Is $\frac{O(f(x))}{O(g(x))}=O\left(\frac{f(x)}{g(x)}\right)$? Is the following true.
$$\frac{O(f(x))}{O(g(x))}=O\left(\frac{f(x)}{g(x)}\right)$$
If not under what conditions is it?
For example, the function,
$$h(x)=\frac{x^3+2x}{2x+1}$$ 
has $O(x^3)/O(x)$. And the total function has $O(x^2)$. My concern is that $2x+1$ can have $O(x^n)$ for $n\geq 1$. Thus making it seem false. Perhaps the big theta notation has this property.
 A: We have $O(f(x)) O(g(x)) = O(f(x) g(x))$. In words: a function that is at most a constant times $f(x)$, multiplied by a function that is at most a constant times $g(x)$, is at most a constant times $f(x) g(x)$. (We assume that $f$ and $g$ are positive functions, so that we can say "at most" instead of "in absolute value at most".)
(Note that when dealing with $O$ notation, the "$=$" sign is like the English "is", and is not necessarily symmetric: if you wish, you can view each side as the set of functions of that type, and replace the "$=$" with "$\subset$". But in this case it's also true that $O(f(x) g(x)) = O(f(x)) O(g(x))$.)
Also we have $$g(x) = \Omega(h(x)) \iff \frac{1}{g(x)} = O\left(\frac{1}{h(x)}\right)$$
(again, assuming the functions are positive, etc.)

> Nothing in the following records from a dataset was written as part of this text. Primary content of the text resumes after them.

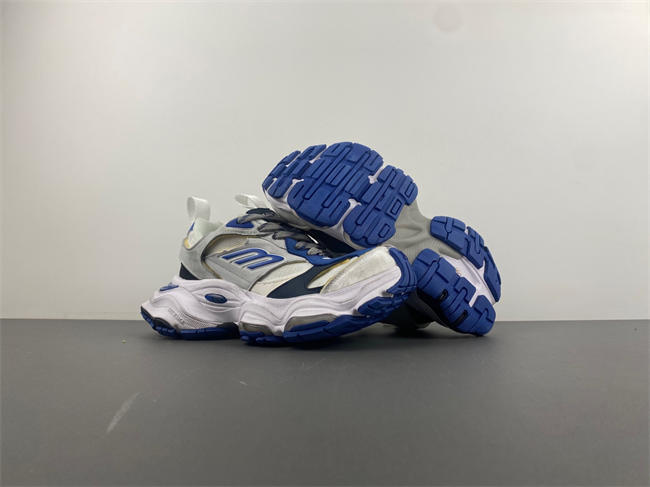 11 Balenciaga CARGO 23ss 785754 W2LX1 1170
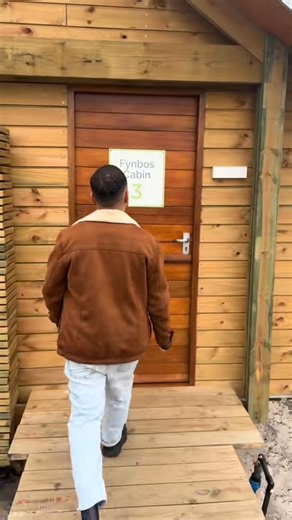 198K views · 6.3K reactions | Prank gone wrong  | Keenan and Toufiq | Facebook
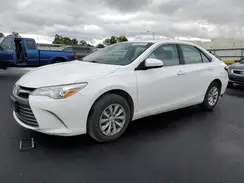 4T1BF1FK1HU712877 2017 TOYOTA CAMRY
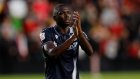 Football: Hamari Traoré, la joie au Paris FC, l’amertume au Mali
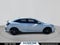 2021 Honda Civic Sport Touring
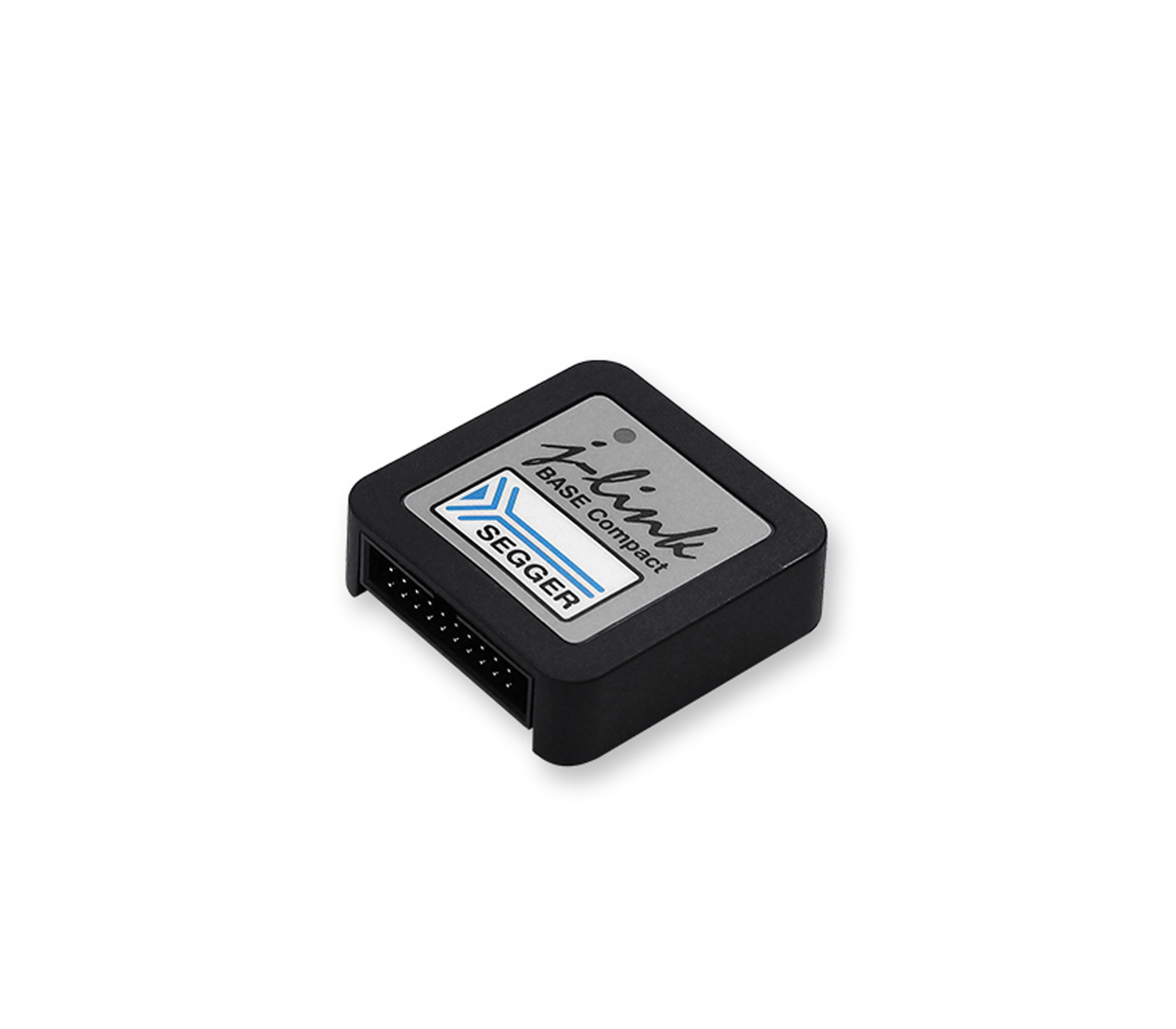 SEGGER J-Link BASE Compact SEGGER J-Link BASE Compact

So the right statement is that
$$\frac{O(f(x))}{\Omega(g(x))} = O\left(\frac{f(x)}{g(x)} \right)$$
in your case, what matters is not that $2x + 1 = O(x)$, but that $2x + 1 = \Omega(x)$.
That it is also true with $\Theta$ is a corollary.
A: $$x^4\in O(x^5)\quad x\in O(x^3)\quad\frac{x^4}x\notin O\left(\frac{x^5}{x^3}\right)\quad (x\to\infty)$$
$$
f\in\Theta(F)\quad\&\quad g\in\Theta(G)\implies\frac{f}g\in\Theta\left(\frac{F}G\right)$$